BRUSSELS: Europe’s foreign affairs threesome, Spain’s Javier Solana, Britain’s Chris Patten and Denmark’s Per Stig Moeller, are trying with fellow “quartet” members the United States, United Nations and Russia, to keep Middle East peace hopes alive, despite continuing violence and George Bush’s demand that the Palestinians must dump Yasser Arafat and undertake reforms that would challenge a stable democracy.

Confusingly, the EU’s “troika” has changed again since the quartet last convened. Solana and Patten, representing member states and the European Commission respectively, are familiar faces. Now they are joined by Moeller, foreign minister of Denmark, latest holder of the ever-rotating presidency.

In a year that has seen much agonising about Europe’s role in the world, few things are more frustrating than the complex division of powers in the realm of what the wonks call common foreign and security policy (CFSP). Very few Europeans outside Brussels have any idea how it works. Americans and others are simply baffled. It looks like staying that way.
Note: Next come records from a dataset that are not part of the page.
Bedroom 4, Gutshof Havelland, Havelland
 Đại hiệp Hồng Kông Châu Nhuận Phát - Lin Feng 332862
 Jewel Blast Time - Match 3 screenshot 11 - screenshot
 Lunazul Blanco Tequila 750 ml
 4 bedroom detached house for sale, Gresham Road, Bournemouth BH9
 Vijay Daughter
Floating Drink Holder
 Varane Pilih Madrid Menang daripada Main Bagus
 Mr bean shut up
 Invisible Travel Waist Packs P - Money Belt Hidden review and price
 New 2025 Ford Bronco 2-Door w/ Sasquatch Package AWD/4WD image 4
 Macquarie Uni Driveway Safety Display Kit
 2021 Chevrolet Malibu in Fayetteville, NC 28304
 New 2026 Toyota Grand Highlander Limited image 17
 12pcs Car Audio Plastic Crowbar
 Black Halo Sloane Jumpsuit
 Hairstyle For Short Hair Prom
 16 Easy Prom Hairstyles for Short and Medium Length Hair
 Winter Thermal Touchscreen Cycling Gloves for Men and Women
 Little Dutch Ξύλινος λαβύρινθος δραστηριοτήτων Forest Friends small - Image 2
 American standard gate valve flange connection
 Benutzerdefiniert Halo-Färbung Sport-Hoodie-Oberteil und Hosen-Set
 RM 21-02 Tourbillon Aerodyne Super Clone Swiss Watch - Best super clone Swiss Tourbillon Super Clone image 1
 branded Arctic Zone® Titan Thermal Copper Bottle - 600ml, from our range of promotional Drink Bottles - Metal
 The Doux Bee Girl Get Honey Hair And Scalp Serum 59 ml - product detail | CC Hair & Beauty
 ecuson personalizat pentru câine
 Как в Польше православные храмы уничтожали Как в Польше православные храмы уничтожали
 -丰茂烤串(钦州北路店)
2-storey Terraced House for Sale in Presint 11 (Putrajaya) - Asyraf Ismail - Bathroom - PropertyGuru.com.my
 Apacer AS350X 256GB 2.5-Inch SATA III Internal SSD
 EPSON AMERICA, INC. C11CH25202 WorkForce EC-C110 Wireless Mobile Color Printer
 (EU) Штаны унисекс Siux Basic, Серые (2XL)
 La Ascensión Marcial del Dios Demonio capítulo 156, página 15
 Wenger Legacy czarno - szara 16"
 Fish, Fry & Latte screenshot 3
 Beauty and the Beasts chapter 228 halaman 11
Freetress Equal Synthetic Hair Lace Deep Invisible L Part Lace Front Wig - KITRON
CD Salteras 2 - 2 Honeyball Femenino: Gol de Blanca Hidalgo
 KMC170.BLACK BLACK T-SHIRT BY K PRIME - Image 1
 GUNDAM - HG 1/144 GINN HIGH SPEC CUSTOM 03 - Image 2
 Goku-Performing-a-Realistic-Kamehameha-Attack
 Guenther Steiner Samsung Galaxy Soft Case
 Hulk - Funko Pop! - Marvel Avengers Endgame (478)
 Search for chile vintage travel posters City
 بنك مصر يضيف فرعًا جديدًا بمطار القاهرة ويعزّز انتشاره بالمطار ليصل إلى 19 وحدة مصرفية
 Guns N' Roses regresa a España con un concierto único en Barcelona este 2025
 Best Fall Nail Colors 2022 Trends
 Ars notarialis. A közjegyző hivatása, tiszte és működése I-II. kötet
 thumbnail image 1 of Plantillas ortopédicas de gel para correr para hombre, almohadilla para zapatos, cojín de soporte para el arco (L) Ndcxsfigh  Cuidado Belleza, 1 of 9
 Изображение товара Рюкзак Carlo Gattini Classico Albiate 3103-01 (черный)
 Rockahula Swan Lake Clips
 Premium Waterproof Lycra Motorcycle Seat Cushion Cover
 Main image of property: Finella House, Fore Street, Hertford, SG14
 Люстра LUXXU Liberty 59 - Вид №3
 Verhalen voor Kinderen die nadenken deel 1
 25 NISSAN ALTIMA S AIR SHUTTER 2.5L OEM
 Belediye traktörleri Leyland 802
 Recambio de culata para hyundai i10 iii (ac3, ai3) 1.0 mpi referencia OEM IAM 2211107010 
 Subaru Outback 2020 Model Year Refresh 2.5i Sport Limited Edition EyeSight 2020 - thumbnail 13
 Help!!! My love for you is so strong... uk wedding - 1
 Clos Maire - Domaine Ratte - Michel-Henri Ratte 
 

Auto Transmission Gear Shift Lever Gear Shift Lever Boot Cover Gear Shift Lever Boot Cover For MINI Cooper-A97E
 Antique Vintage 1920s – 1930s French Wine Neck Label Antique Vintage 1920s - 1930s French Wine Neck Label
Solana, Nato’s secretary-general during the Kosovo war, was a smart choice to be the EU’s first Mr CFSP. He answered Henry Kissinger’s question: “Who do I phone in Europe when there’s a crisis?” He still flaunts his twice-daily calls to Colin Powell. The problem is, no one in Washington listens to Powell any more. And Donald Rumsfeld doesn’t take calls from Brussels, even from Nato HQ.

Patten is currently in better shape — at least in Europe — because his forthright and articulate views on American unilateralism, the international criminal court and Iraq have made him a hate figure in the Bush White House. But he is maintaining an uncharacteristically prudent silence on the Middle East, bypassing Arafat on a planned tour of the region and hoping that the commission — the world’s third largest aid donor — can help the EU to bankroll Palestinian reform and monitor elections that might, just, revive the peace process.

The EU’s massive clout in world trade and competition policy has no equivalent when it comes to traditional diplomacy, defence and power projection. Valery Giscard D’Estaing’s convention on the future of Europe started looking at this knotty question last week, though disagreements make radical changes problematical and member states, which still call the shots, unlikely to accept them anyway.

Patten is honest enough to insist, against his own institutional interest, that foreign policy must stay strictly with nation states. Chances are: a) that it will, and b) that Europe’s global role will not look much more coherent in the foreseeable future than it does now, however intolerably unassailable US power becomes.—Dawn/The Guardian News Service.